◆ Exercise aim ◆
Extract the lines from the first one in the records below through the line containing "Elegant Floral Monogram", keeping both ends and leaving out any pictures.

◆ Material supplied ◆
—————

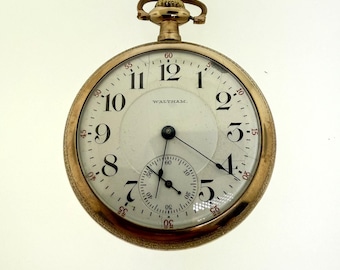 Reloj de bolsillo Waltham No. 636 16S de 17 joyas, 1908, con doble rodillo y 4 posiciones ajustables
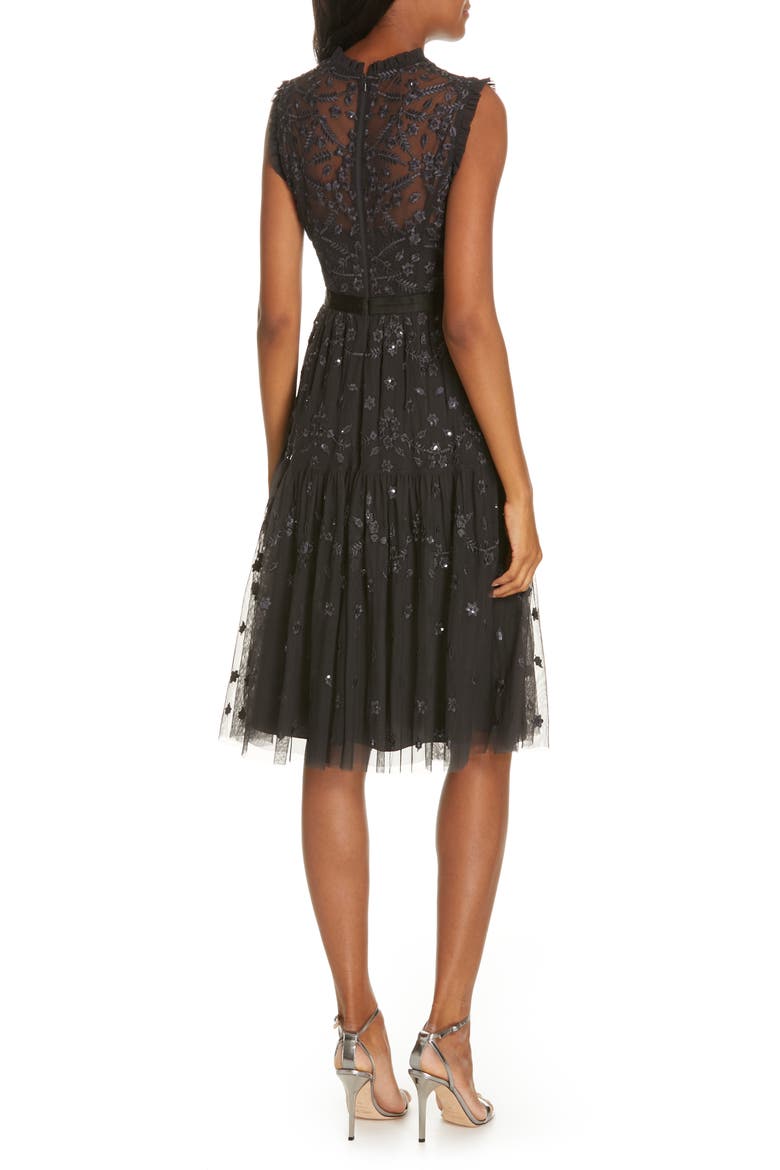 Clover Gloss Fit & Flare Dress, Alternate, color, GRAPHITE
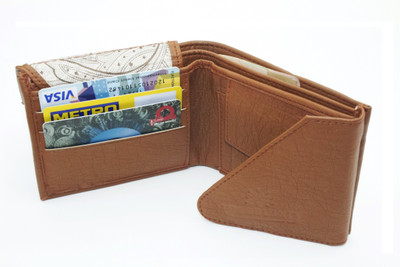 

Nietz Men Brown Genuine Leather Wallet(5 Card Slots), Black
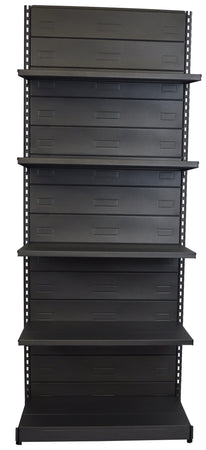 Scaffale in metallo verniciato nero ghisa per arredo negozio cm. 100x50x250h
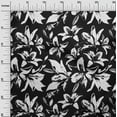 thumbnail image 2 of oneOone Polyester Spandex Black Fabric Leaves & Floral Sewing Material Print Fabric By The Yard 56 Inch Wide, 2 of 4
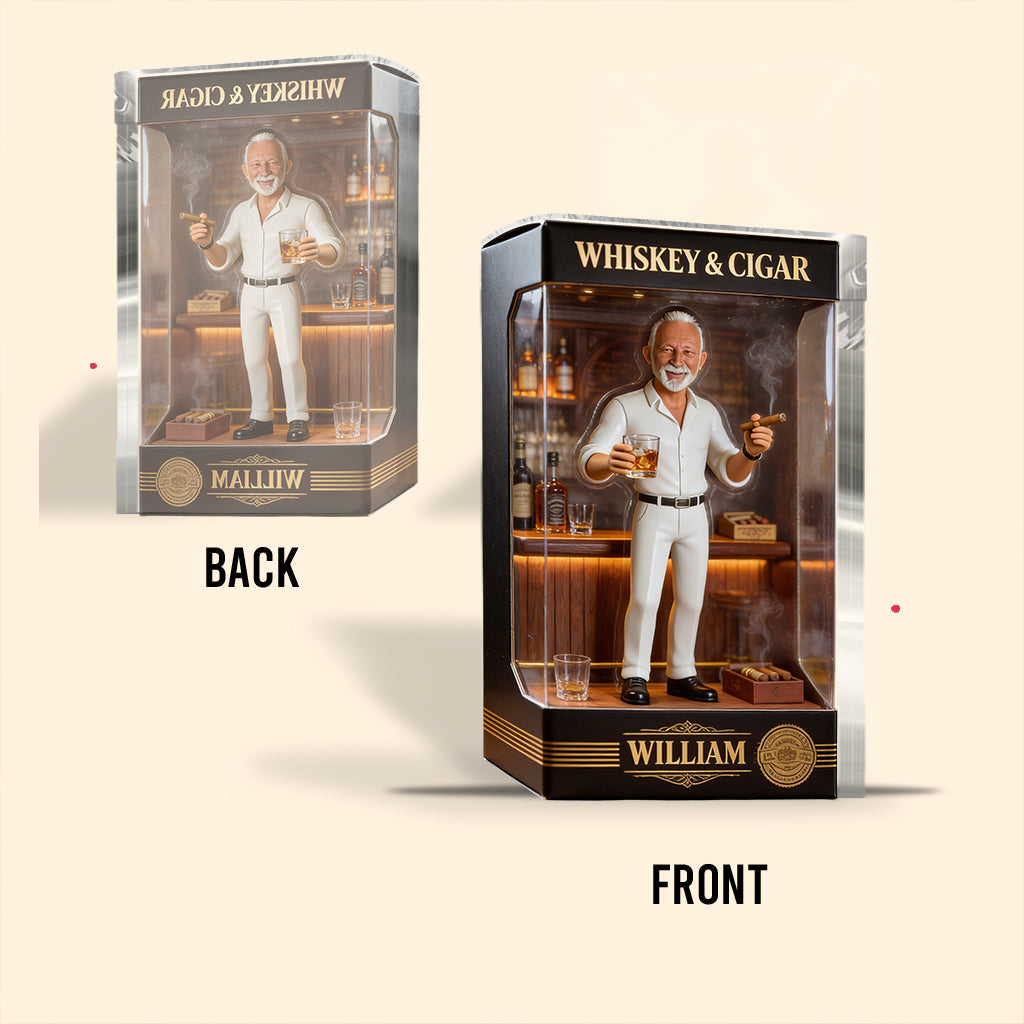 Personalisierte Acrylplakette für ältere schwarze Männer - Whiskey & Zigarren Geschenk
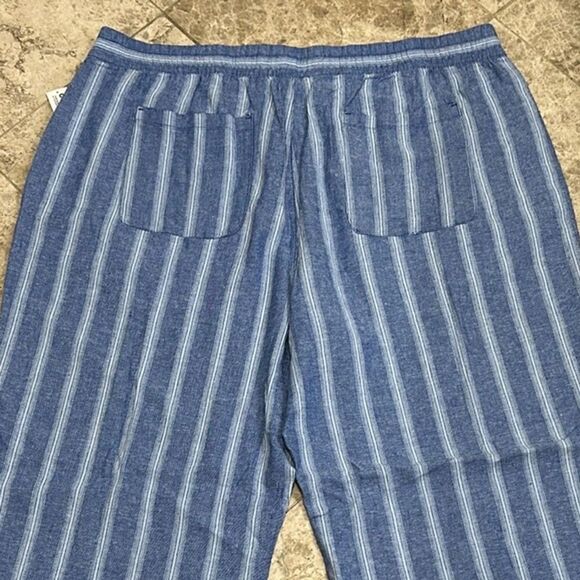Old Navy Women's Blue Stripe High-Waisted Linen Blend Wide Leg Pants XXL NEW - Picture 9 of 11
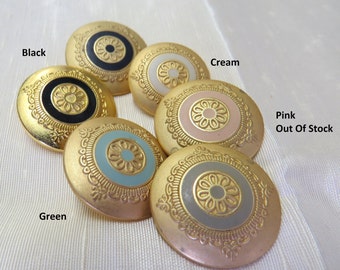 6 Buttons Art Deco Gold Vintage Shank Buttons - ZK3897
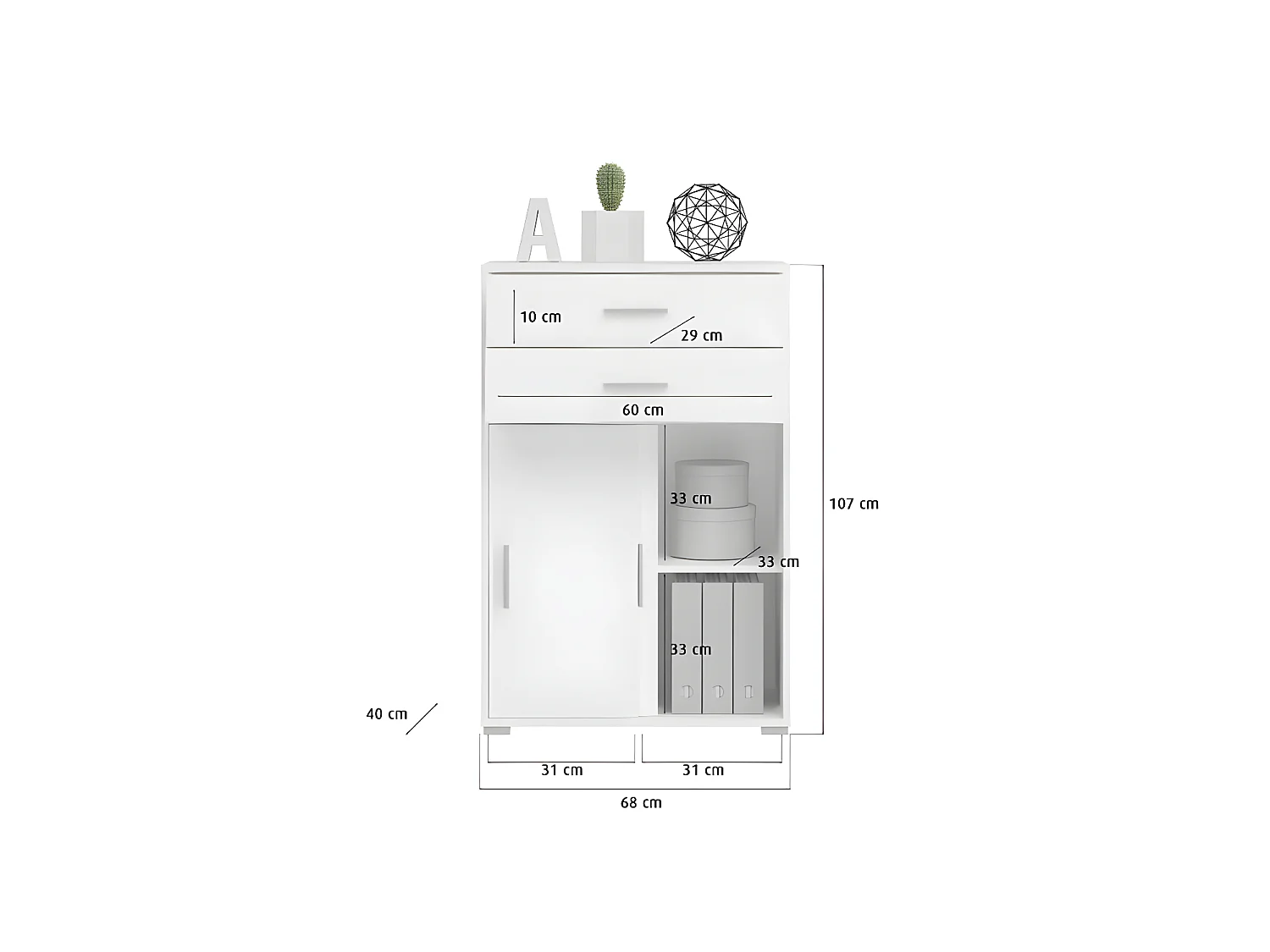 Mover kantoor kast met 2 schuifdeuren 2 deuren, 2 laden wit.
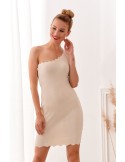 Fitted one-shoulder dress, beige 08210 - Online store - Boutique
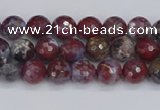 CAG9903 15.5 inches 4mm faceted round red lightning agate beads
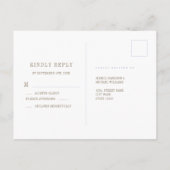 Elegant Floral Monogram Waterverf Roze Gold RSVP Briefkaart (Achterkant)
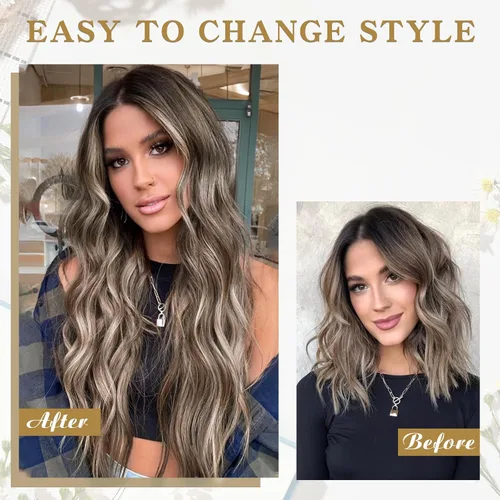 Miniatura 5 de AISI QUEENS Pelucas largas para mujer, onduladas, ombré, raya en medio, color marrón ceniza y rubio decolorado, pelucas rizadas de aspecto natural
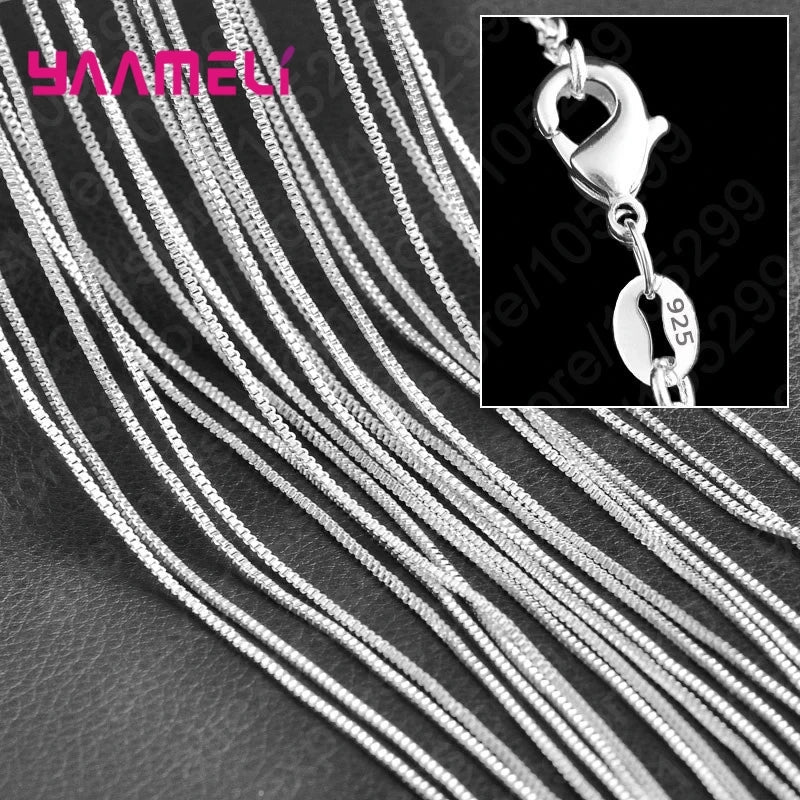 10PCS 925 Sterling Silver Chain Necklace Set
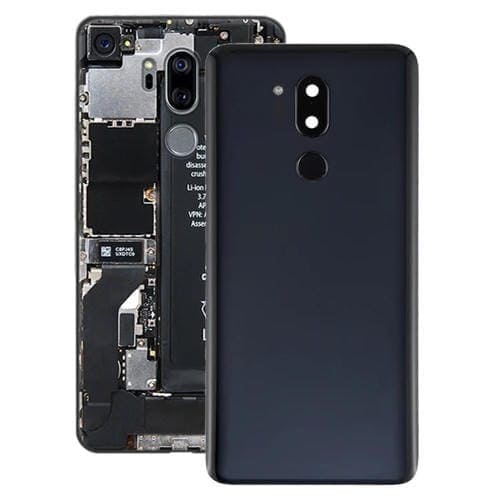 Tapa Trasera de Batería con Lente de Cámara y Sensor de Huellas Dactilares para LG G7 Thinq G710 (Negro)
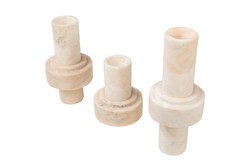 Casa Padrino Jarrones de Lujo Set de 3 Ø 13 x H. 20 / 25 / 31 cm - Tres Jarrones de Ónix Mate de Alta Calidad - Accesorios Decorativos de Lujo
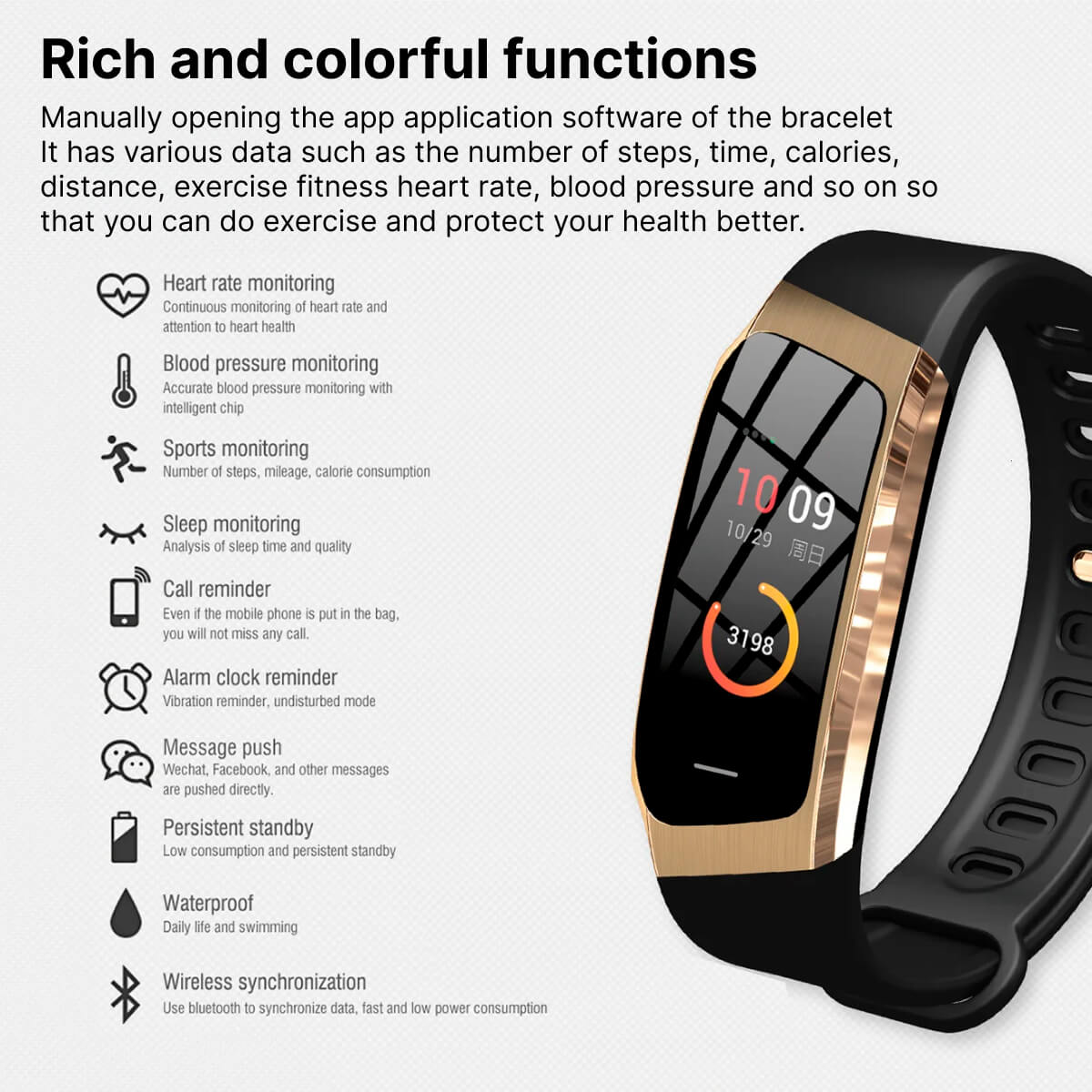 Slimme Fitness Tracker met Hartslagmeter en Bloeddrukfunctie - 24/7 Gezondheidsmonitoring & Sporttracking | Sansoti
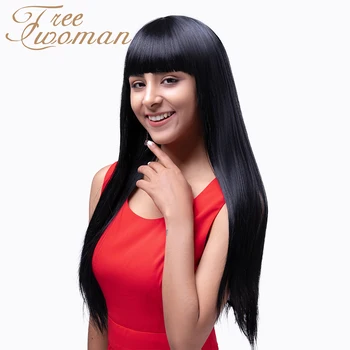 

FREEWOMAN Natural Black Straight Wigs With Neat Bangs Synthetic Wig Silver Gray Wig for Women Heat Resistant Hair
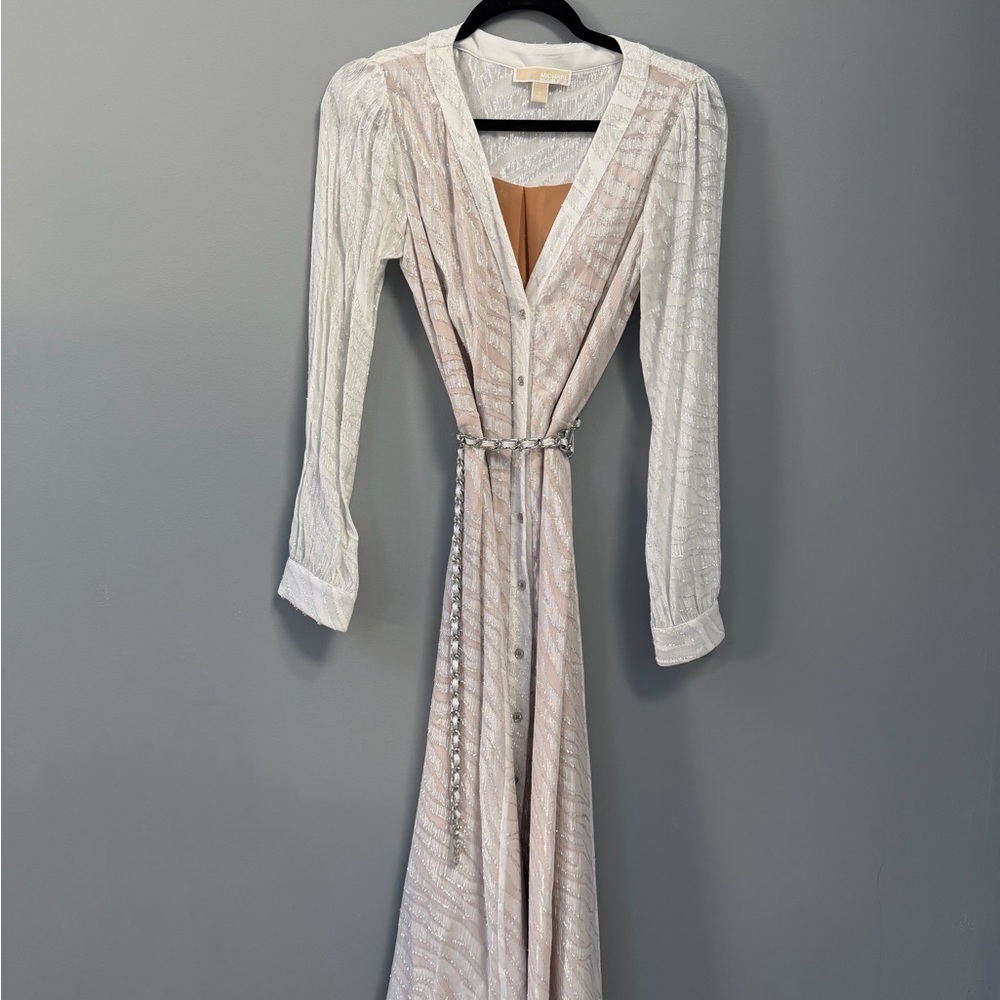 Michael Kors Metallic Zebra Pale Sheer Long-Sleeve Button Dress with Chain Belt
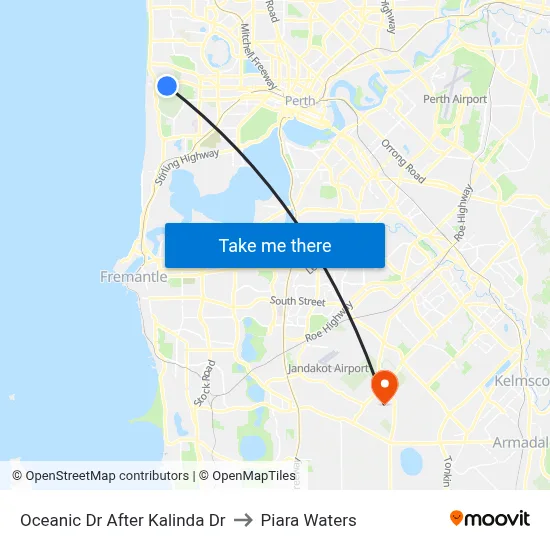 Oceanic Dr After Kalinda Dr to Piara Waters map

—————

◆ Response below ◆
 Reloj de bolsillo Waltham No. 636 16S de 17 joyas, 1908, con doble rodillo y 4 posiciones ajustables
 Clover Gloss Fit & Flare Dress, Alternate, color, GRAPHITE

Nietz Men Brown Genuine Leather Wallet(5 Card Slots), Black
 Scaffale in metallo verniciato nero ghisa per arredo negozio cm. 100x50x250h
 thumbnail image 2 of oneOone Polyester Spandex Black Fabric Leaves & Floral Sewing Material Print Fabric By The Yard 56 Inch Wide, 2 of 4
 Personalisierte Acrylplakette für ältere schwarze Männer - Whiskey & Zigarren Geschenk
Old Navy Women's Blue Stripe High-Waisted Linen Blend Wide Leg Pants XXL NEW - Picture 9 of 11
 6 Buttons Art Deco Gold Vintage Shank Buttons - ZK3897
 Mover kantoor kast met 2 schuifdeuren 2 deuren, 2 laden wit.
 Fitted one-shoulder dress, beige 08210 - Online store - Boutique
 CAG9903 15.5 inches 4mm faceted round red lightning agate beads
 Elegant Floral Monogram Waterverf Roze Gold RSVP Briefkaart (Achterkant)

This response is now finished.